### WORK TO BE COMPLETED
Please set the lines down again exactly, from the top of the entries through the line that contains "Molde de Silicone".

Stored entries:
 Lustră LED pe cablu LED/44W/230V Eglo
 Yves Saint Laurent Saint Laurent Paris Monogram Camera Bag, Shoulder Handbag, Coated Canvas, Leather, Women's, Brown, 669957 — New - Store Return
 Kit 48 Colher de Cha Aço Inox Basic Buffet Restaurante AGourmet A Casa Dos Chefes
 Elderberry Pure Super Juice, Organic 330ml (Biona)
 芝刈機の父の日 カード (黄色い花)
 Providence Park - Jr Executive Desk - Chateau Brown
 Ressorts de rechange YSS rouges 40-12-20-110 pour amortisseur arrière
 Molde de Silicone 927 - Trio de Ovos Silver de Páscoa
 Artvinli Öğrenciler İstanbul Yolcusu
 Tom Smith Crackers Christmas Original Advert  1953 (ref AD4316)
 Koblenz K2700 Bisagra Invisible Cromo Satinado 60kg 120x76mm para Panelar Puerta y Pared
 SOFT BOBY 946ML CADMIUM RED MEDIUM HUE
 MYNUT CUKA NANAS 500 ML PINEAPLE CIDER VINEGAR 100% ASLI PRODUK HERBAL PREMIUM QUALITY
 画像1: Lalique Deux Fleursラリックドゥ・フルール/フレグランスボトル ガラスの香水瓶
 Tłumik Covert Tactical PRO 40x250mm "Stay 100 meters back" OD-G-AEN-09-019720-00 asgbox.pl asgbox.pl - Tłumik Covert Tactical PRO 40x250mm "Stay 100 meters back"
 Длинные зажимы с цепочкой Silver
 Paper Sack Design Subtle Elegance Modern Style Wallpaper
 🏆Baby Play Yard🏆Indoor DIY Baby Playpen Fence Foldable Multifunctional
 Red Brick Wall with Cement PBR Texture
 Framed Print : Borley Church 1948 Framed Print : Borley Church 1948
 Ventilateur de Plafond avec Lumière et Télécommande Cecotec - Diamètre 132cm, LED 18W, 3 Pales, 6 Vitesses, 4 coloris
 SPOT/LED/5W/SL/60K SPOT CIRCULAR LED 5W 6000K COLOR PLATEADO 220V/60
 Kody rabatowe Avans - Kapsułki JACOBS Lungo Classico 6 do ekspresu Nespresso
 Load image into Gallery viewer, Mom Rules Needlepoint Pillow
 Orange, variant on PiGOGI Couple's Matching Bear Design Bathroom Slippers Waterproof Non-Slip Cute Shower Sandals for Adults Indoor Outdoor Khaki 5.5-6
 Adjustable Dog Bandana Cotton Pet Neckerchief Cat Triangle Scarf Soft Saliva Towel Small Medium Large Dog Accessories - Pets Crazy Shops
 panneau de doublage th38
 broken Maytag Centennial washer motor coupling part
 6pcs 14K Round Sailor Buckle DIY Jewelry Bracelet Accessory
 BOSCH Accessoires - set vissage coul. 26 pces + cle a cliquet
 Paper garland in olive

### TASK OUTPUT
 Lustră LED pe cablu LED/44W/230V Eglo
 Yves Saint Laurent Saint Laurent Paris Monogram Camera Bag, Shoulder Handbag, Coated Canvas, Leather, Women's, Brown, 669957 — New - Store Return
 Kit 48 Colher de Cha Aço Inox Basic Buffet Restaurante AGourmet A Casa Dos Chefes
 Elderberry Pure Super Juice, Organic 330ml (Biona)
 芝刈機の父の日 カード (黄色い花)
 Providence Park - Jr Executive Desk - Chateau Brown
 Ressorts de rechange YSS rouges 40-12-20-110 pour amortisseur arrière
 Molde de Silicone 927 - Trio de Ovos Silver de Páscoa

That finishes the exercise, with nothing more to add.